» Caption-style text data:
────

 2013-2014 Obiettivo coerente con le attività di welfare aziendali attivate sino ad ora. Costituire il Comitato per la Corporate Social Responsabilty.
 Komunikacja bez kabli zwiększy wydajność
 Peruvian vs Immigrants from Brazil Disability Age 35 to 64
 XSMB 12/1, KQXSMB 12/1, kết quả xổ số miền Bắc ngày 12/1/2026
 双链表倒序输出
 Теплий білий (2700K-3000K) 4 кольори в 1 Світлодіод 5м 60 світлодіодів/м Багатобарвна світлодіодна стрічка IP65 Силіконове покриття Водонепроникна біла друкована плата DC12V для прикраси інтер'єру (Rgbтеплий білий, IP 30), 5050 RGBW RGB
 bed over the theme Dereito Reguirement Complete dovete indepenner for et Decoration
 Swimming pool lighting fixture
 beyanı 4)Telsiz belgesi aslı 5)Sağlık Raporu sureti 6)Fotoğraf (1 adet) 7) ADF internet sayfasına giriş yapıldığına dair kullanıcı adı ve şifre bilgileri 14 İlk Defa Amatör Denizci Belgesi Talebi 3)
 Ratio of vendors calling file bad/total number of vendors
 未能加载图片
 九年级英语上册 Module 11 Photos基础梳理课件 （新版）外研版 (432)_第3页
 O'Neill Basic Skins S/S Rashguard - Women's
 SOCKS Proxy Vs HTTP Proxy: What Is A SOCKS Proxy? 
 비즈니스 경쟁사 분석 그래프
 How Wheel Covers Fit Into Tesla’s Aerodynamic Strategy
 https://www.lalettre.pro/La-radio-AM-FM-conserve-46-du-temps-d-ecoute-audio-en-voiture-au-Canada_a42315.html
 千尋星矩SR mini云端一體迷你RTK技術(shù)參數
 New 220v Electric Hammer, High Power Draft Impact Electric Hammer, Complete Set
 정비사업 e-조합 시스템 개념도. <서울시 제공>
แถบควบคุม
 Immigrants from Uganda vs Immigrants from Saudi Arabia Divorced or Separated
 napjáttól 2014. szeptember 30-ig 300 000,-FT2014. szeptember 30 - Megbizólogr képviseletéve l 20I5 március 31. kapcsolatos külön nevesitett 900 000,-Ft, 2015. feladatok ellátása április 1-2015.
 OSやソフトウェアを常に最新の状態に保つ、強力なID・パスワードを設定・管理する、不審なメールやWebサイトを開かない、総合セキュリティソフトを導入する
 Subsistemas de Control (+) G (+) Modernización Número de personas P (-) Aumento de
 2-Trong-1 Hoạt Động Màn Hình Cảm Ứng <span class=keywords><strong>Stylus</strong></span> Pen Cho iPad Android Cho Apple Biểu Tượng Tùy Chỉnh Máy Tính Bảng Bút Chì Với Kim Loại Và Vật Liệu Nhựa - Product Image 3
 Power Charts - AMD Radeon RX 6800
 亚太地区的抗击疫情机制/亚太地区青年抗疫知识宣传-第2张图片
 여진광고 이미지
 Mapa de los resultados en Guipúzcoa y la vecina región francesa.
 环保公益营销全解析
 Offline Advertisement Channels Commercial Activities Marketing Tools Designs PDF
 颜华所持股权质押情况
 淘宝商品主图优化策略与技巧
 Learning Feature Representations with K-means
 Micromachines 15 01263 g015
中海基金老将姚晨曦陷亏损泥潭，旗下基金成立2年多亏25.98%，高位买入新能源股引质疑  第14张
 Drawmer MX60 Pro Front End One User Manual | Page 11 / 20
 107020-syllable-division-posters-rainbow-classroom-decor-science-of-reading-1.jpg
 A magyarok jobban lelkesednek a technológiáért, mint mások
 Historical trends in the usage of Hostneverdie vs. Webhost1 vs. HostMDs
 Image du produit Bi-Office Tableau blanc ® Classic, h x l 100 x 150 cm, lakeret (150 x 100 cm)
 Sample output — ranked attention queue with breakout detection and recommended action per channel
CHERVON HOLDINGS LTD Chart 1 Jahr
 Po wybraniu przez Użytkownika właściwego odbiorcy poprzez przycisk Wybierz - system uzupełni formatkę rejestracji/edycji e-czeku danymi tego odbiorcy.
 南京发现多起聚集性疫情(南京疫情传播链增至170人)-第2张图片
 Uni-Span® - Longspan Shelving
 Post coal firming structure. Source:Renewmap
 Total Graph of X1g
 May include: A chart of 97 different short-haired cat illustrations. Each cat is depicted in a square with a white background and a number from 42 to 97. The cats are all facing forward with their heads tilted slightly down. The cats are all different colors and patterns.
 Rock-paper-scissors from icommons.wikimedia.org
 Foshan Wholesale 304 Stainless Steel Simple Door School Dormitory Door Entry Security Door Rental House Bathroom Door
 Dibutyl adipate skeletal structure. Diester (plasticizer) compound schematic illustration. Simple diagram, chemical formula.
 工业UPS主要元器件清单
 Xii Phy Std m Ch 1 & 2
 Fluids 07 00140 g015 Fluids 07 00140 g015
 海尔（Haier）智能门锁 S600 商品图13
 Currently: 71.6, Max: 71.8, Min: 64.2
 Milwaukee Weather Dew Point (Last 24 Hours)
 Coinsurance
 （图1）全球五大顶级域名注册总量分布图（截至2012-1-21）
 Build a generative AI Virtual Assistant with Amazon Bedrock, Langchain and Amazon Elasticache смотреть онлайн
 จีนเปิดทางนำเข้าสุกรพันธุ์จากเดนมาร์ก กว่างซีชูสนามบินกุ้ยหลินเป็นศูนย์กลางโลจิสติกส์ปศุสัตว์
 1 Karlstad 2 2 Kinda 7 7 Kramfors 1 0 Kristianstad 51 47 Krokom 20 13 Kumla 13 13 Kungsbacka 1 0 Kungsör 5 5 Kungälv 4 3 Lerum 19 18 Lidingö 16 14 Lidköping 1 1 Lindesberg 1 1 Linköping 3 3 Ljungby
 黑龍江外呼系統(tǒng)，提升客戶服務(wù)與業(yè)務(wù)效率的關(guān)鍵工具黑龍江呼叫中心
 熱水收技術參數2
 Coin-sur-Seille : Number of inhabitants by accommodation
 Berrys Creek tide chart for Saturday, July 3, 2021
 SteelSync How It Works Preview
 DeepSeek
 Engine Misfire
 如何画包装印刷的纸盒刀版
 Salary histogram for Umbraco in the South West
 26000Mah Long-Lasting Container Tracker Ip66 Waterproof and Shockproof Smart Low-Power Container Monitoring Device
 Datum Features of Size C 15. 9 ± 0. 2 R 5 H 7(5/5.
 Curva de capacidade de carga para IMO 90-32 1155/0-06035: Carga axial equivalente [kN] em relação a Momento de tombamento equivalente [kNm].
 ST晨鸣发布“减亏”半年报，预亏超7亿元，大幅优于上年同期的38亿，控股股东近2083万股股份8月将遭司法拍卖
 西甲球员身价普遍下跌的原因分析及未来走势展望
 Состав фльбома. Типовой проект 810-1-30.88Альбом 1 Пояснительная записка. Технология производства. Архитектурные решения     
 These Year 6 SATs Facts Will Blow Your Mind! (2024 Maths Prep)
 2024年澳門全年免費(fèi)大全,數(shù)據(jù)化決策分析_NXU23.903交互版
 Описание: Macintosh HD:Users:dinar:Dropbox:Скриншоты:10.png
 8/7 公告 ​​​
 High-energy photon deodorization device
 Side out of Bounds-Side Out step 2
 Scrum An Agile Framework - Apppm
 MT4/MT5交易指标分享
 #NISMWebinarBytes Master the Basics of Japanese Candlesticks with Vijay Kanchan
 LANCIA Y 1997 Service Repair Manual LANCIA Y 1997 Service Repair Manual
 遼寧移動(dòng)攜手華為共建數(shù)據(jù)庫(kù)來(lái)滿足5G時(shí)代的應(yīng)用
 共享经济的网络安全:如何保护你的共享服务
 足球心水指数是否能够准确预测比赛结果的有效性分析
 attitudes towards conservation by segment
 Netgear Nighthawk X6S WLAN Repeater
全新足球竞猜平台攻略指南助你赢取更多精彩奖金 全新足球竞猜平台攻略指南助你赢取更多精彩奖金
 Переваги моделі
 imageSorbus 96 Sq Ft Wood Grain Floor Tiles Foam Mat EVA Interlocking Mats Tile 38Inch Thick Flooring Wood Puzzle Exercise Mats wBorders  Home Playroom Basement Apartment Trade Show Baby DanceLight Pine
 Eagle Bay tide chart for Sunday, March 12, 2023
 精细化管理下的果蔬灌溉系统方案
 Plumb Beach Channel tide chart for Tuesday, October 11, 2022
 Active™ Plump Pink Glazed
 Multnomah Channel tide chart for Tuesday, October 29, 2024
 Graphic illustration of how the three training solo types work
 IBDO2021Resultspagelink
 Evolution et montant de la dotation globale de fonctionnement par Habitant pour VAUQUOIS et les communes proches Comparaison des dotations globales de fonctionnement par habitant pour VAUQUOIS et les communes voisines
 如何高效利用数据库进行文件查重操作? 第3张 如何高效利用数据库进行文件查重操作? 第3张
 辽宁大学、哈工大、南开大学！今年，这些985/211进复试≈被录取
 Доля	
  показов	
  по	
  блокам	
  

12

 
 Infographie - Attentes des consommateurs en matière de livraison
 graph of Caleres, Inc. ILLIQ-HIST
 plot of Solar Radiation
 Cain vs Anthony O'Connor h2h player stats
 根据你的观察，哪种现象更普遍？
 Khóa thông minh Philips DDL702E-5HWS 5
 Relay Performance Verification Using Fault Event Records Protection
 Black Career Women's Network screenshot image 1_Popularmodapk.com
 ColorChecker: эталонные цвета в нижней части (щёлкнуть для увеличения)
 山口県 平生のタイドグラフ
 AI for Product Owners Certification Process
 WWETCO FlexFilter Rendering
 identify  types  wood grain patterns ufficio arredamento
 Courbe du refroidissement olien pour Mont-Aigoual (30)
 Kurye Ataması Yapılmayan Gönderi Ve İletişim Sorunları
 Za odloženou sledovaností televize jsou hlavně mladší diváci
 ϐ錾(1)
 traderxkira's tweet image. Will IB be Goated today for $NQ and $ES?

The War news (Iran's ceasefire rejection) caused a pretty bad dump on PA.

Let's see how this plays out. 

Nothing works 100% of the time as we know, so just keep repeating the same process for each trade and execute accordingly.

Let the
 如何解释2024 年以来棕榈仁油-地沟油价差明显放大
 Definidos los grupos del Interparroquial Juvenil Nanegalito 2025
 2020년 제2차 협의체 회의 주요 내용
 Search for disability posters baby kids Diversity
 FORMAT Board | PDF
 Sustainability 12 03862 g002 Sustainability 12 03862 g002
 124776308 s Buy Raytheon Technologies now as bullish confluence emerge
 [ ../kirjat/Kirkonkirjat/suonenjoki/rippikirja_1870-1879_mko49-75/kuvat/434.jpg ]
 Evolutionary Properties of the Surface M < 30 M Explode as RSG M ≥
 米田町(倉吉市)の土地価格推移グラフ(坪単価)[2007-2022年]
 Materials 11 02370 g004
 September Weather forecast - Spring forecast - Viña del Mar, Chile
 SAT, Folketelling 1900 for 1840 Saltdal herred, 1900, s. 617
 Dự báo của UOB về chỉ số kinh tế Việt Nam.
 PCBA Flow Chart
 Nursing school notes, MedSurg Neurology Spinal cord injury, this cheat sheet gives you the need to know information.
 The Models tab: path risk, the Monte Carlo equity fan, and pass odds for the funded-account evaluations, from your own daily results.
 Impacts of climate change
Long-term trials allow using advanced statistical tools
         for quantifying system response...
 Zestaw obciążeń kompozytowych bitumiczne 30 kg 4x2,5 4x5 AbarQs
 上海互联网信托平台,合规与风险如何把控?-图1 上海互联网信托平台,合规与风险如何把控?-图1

────

» TASK:
In the entries above, the lines from the one bearing "Sample output —" up to and including the one bearing "จีนเปิดทางนำเข" should be transcribed exactly; no other line is wanted.

» TASK ANSWER:
 Sample output — ranked attention queue with breakout detection and recommended action per channel
CHERVON HOLDINGS LTD Chart 1 Jahr
 Po wybraniu przez Użytkownika właściwego odbiorcy poprzez przycisk Wybierz - system uzupełni formatkę rejestracji/edycji e-czeku danymi tego odbiorcy.
 南京发现多起聚集性疫情(南京疫情传播链增至170人)-第2张图片
 Uni-Span® - Longspan Shelving
 Post coal firming structure. Source:Renewmap
 Total Graph of X1g
 May include: A chart of 97 different short-haired cat illustrations. Each cat is depicted in a square with a white background and a number from 42 to 97. The cats are all facing forward with their heads tilted slightly down. The cats are all different colors and patterns.
 Rock-paper-scissors from icommons.wikimedia.org
 Foshan Wholesale 304 Stainless Steel Simple Door School Dormitory Door Entry Security Door Rental House Bathroom Door
 Dibutyl adipate skeletal structure. Diester (plasticizer) compound schematic illustration. Simple diagram, chemical formula.
 工业UPS主要元器件清单
 Xii Phy Std m Ch 1 & 2
 Fluids 07 00140 g015 Fluids 07 00140 g015
 海尔（Haier）智能门锁 S600 商品图13
 Currently: 71.6, Max: 71.8, Min: 64.2
 Milwaukee Weather Dew Point (Last 24 Hours)
 Coinsurance
 （图1）全球五大顶级域名注册总量分布图（截至2012-1-21）
 Build a generative AI Virtual Assistant with Amazon Bedrock, Langchain and Amazon Elasticache смотреть онлайн
 จีนเปิดทางนำเข้าสุกรพันธุ์จากเดนมาร์ก กว่างซีชูสนามบินกุ้ยหลินเป็นศูนย์กลางโลจิสติกส์ปศุสัตว์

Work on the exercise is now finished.